#### [About this exercise]
Only the lines from the one with "Venus Williams of" to the end of the data, both ends included, should be output, exactly as they stand and without pictures.

#### [Provided data]
- - - - - - -

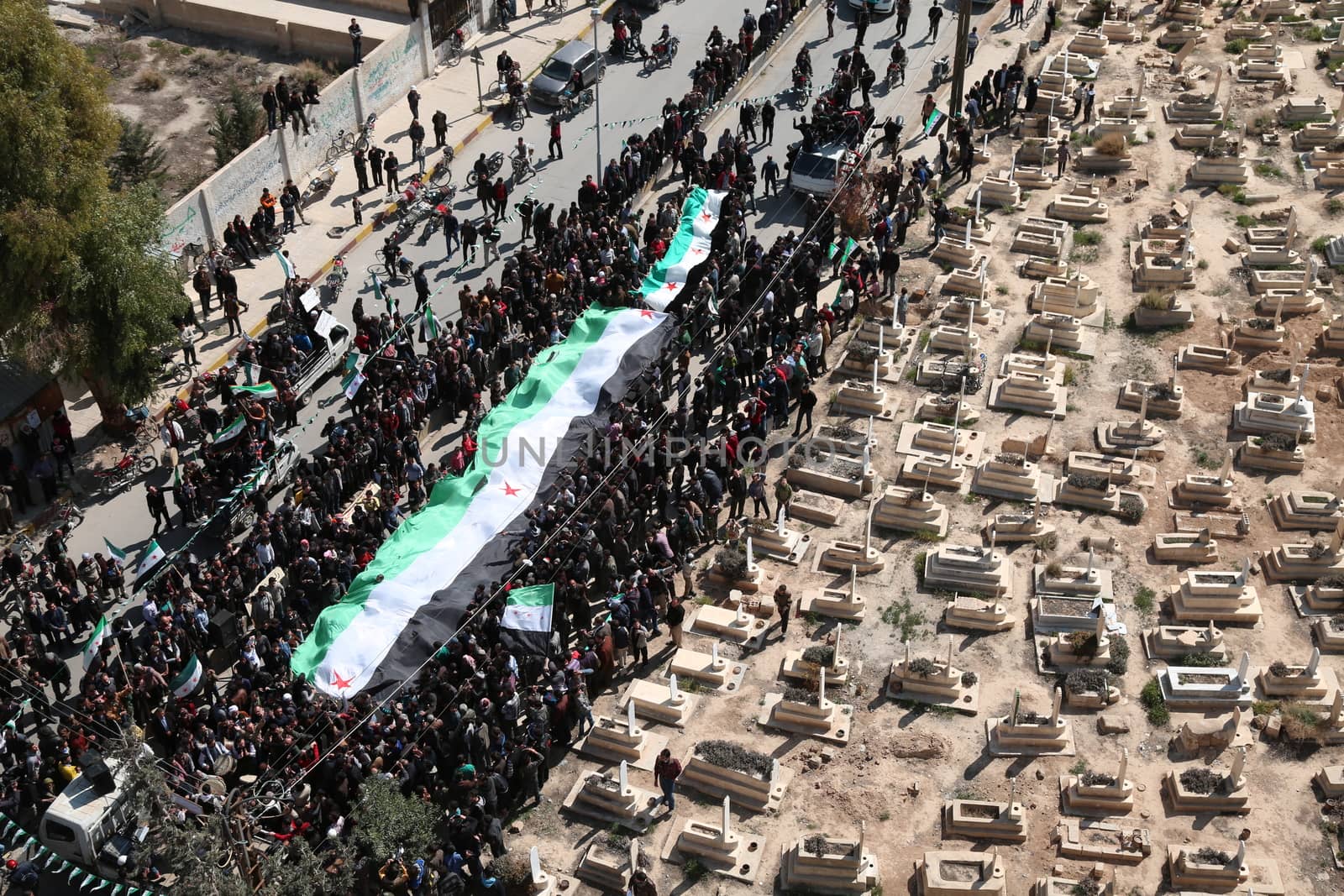 SYRIA, Saqba: Protesters hold a giant pre-Baath Syrian flag, adopted during the uprising in 2011, and placards during an anti-regime demonstration in the rebel-held town of Saqba, on the outskirts of the Syrian capital Damascus, on March 18, 2016. Syria's war is entering its sixth year with a glimmer of hope that a landmark ceasefire and a push for peace could help resolve a conflict that has sent hundreds of thousands fleeing to Europe. The conflict began with anti-regime protests in mid-March 2011 and spiralled into a bloody war after a harsh government crackdown on demonstrators.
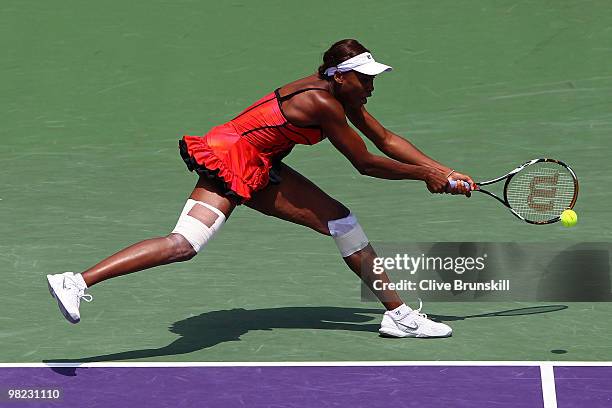 Venus Williams of the United States returns a shot against Kim Clijsters of Belgium during the women's final of the 2010 Sony Ericsson Open at...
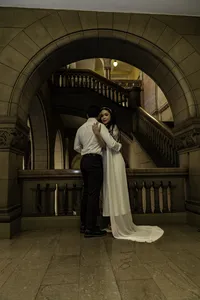 Couple embracing on a stone landing beneath a large arch inside the Allegheny County Courthouse in Pittsburgh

- - - - - - -

#### [Exercise answer]
 Venus Williams of the United States returns a shot against Kim Clijsters of Belgium during the women's final of the 2010 Sony Ericsson Open at...
 Couple embracing on a stone landing beneath a large arch inside the Allegheny County Courthouse in Pittsburgh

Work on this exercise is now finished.